Foreign oil companies may have been complicit in war crimes and crimes against humanity committed by armed groups fighting over one of Sudan’s major oil blocks, said a coalition of European organizations in a report published yesterday.
According to the report, the decision by a group of foreign oil companies to exploit oil in Unity state in the South (in a concession area known as block 5A) spurred a violent war over control of the strategic land between 1997 and 2003. Armed groups affiliated with the Sudanese government and the South Sudan army were the main perpetrators of the violence, committing a range of atrocities including indiscriminant attacks on civilians, forced displacement, looting, rape, and torture, in the fight to control the oil fields. The report estimates that 12,000 people were killed and 160,000 people forced to flee as a result of the fighting.
The oil consortium—led by the Swedish oil company Lundin and including two oil companies from Malaysia and Austria—should have been aware of the consequences of their operations during an ongoing civil war, said the report, given that the Sudanese government had to seize and maintain control of the oil-rich lands so that the oil companies could operate securely.
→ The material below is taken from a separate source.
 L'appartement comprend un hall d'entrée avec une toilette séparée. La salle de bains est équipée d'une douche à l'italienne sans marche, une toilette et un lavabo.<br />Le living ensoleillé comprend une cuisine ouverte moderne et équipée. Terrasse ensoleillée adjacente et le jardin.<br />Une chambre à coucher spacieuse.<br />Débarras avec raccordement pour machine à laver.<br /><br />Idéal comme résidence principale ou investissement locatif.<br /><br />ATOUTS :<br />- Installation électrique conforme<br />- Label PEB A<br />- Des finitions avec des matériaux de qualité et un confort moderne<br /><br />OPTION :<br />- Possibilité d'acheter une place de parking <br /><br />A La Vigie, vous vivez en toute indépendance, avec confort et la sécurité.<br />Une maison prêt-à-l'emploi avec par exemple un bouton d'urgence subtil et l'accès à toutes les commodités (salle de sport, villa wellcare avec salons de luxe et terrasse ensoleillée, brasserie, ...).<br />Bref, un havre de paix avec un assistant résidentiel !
Communities already settled on the land, as well as dissident groups, were forced to vacate to make way for the companies.
“[T]hroughout the war the Consortium worked alongside the perpetrators of international crimes. Its infrastructure enabled the commission of crimes by others. Taking into account the overwhelming body of reporting at the time, the members of the Lundin Consortium should have been aware of the abuses committed by the armed groups that partly provided for their security needs. However, they continued to work with the Sudanese Government, its agencies and its army.”
The report calls for an investigation into the role of the oil consortium in the atrocities, accusing not only the companies of failing to guarantee the respect of human rights and international law, but the companies’ home governments for failing “in their international obligations to prevent human rights violations and international crimes.”
At almost 100 pages, the report provides a detailed accounting of the violence around Block 5A, including an annex listing each attack and its perpetrators over the six years of violence. Outside of its stated goal of seeking justice and compensation for the affected populations, the document is also a reminder of the atrocities that may once again befall communities in oil-rich areas if negotiations for a post-referendum oil-sharing agreement are unsuccessful between the North and the South—and violence over the precious resource breaks out once more.